The New and Improved Romie Futch
By Julia Elliot
Tin House Books, 2015
388 pages, $15.95
Reviewed by Nick Sweeney


There’s something about seeing an animal have the space to maneuver. Seeing a bird in a cage or a fish in a tank, regardless of how beautiful it is, only shows short bursts of its full and incredible nature. There are always glimpses of what could be. Julia Elliot did that in her first short story collection, The Wilds, released last year. She created worlds and characters that moved beautifully in the dimensions of the short story. Her new novel, The New and Improved Romie Futch, breaks down the cage and wreaks havoc like few debut novels truly can. The journey of our hero, the good intentioned yet overly reckless Romie Futch, is one that many readers are familiar with and yet Julia Elliot creates new expectations—similar to the genetic mutations included in the novel—that will keep the reader silent and still until the very last page.
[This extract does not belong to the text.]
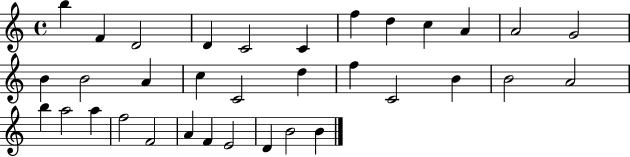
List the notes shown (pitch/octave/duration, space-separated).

B5/q F4/q D4/h D4/q C4/h C4/q F5/q D5/q C5/q A4/q A4/h G4/h B4/q B4/h A4/q C5/q C4/h D5/q F5/q C4/h B4/q B4/h A4/h B5/q A5/h A5/q F5/h F4/h A4/q F4/q E4/h D4/q B4/h B4/q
The novel opens up with our protagonist in need of something, anything, to do and regain the respect of someone he once knew and loved. Seems simple enough. Vague and mysterious online ads certainly adds some intrigue. Would you do this?


I could almost year Crystal’s husky voice whispering into my ear: What’s the universe trying to tell you, Romie?

I clicked and read with a crazy sense of fate:

Males between the ages of thirty-five and fifty-five, without coursework or degrees from four-year colleges or universities, are invited to participate in an intelligence enhancement study at the Center for Cybernetic Neuorscience in Atlanta, GA. Testing period starts on June 30 and ends on August 15. Subjects will undergo a series of pedagogical downloads via direct brain-computer interface. Subjects will receive $6,000 compensation—$4,000 upon finishing a series of bioengineered artificial intelligence transmissions and $2,000 upon completing follow-up tests. Travel expenses paid. Room and board provided. Serious inquires only. Contact Matthew Morrow, MD, PhD, 404.879.4857,

This is the calling, this is the hook that gets Romie, and the reader for that matter, interested. Julia Elliot is able to mix reality and fiction in such a way that blurs the line almost completely. Romie is a beaten down soul, a man with little ambition and control over his own life. It’s not to say that he’s locked into anything—quite the opposite actually. He is in physical and emotional freefall and this posting is his chance to change that. In many ways, it does. He becomes a savant in every way, the “perfect” thinker. But some things are better left untouched, and as Ian Malcolm once said in Jurassic Park: “Yeah, yeah, but your scientists were so preoccupied with whether or not they could that they didn’t stop to think if they should.” In many ways, this quote can apply to many aspects of this novel: the characters actions and intentions, the exploration of science, and the need for us to do the right thing.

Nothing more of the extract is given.